The author well integrates a discussion of how this new view of science impacted on religious thinking in the period before Darwin's bombshell "Origin." This is a familiar area for the author, since she has written "Reforming Philosophy: A Victorian Debate on Science and Society," and she handles it quite well. Was god like a mechanic, or a "divine programmer," who set up the universe to operate in accordance with universal physical laws, and left it to do so, or did he frequently intervene in the world to, for example, create new species? The group may not have agreed wholly on this issue, but they did agree emphatically that science and religion were compatible. It is interesting speculate on whether Darwin's interactions with Babbage got him thinking about the possibility of evolution.
I found Babbage to be particularly interesting. In effect, he created a mechanical computing machine that, had it been built, would have duplicated many of the facets of modern digital computers. Had this machine been built and utilized in the 1830's, imagine the impact it would have had. Among other things, members of the group developed photography, charted the world's currents, studied the earth's magnetic fields, charted the universe, translated Plato, worked on ciphers, and on and on. Truly an amazing and gifted group!
By the time of their deaths, science and "scientist" were recognized terms; an empirical and quantitative scientific method prevailed; the government was beginning to financially support science and it had achieved somewhat of an accepted role in the universities; international cooperation was developing; multiple scientific organizations were functioning; and London's "Great Exhibition of the Industry of All Nations" in 1851 demonstrated how science impacted on everyday life and activities. The modern world was just around the corner.

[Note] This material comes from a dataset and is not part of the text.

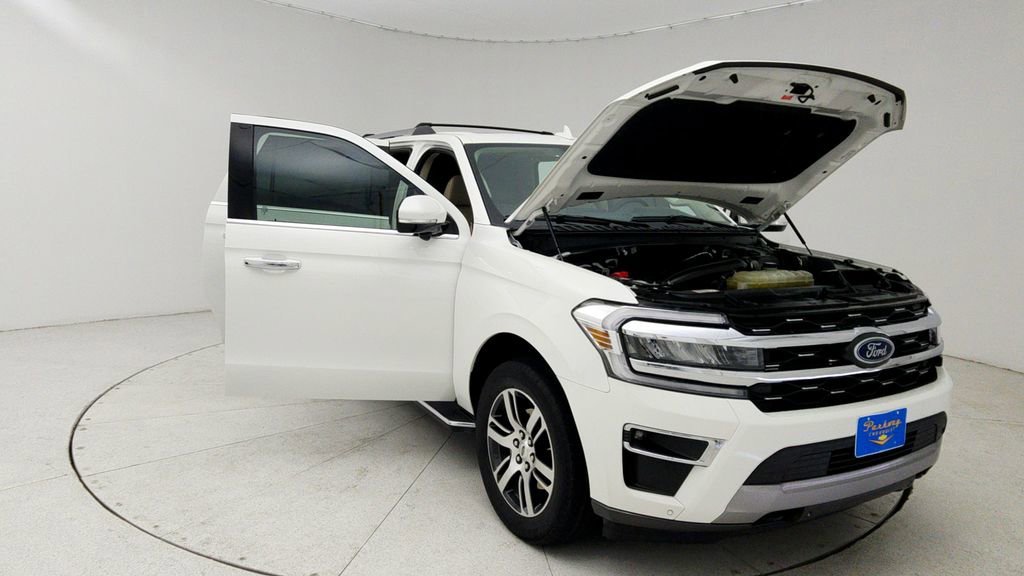 Used 2022 Ford Expedition Max Limited AWD/4WD image 10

Though a long book at around 400 pages, the author's narrative never bores nor does it overwhelm those such as myself who lack a heavy scientific background. The author's 39 pages of useful notes and 16 page bibliography attest to the substantial research upon which the book is based. She knows this period well and the important issues that need to be discussed. 19th century British science is a treasure trove for those of us interested in intellectual history, as these four remarkable individuals attest. The author has unlocked the door to many of these key issues in this fine volume.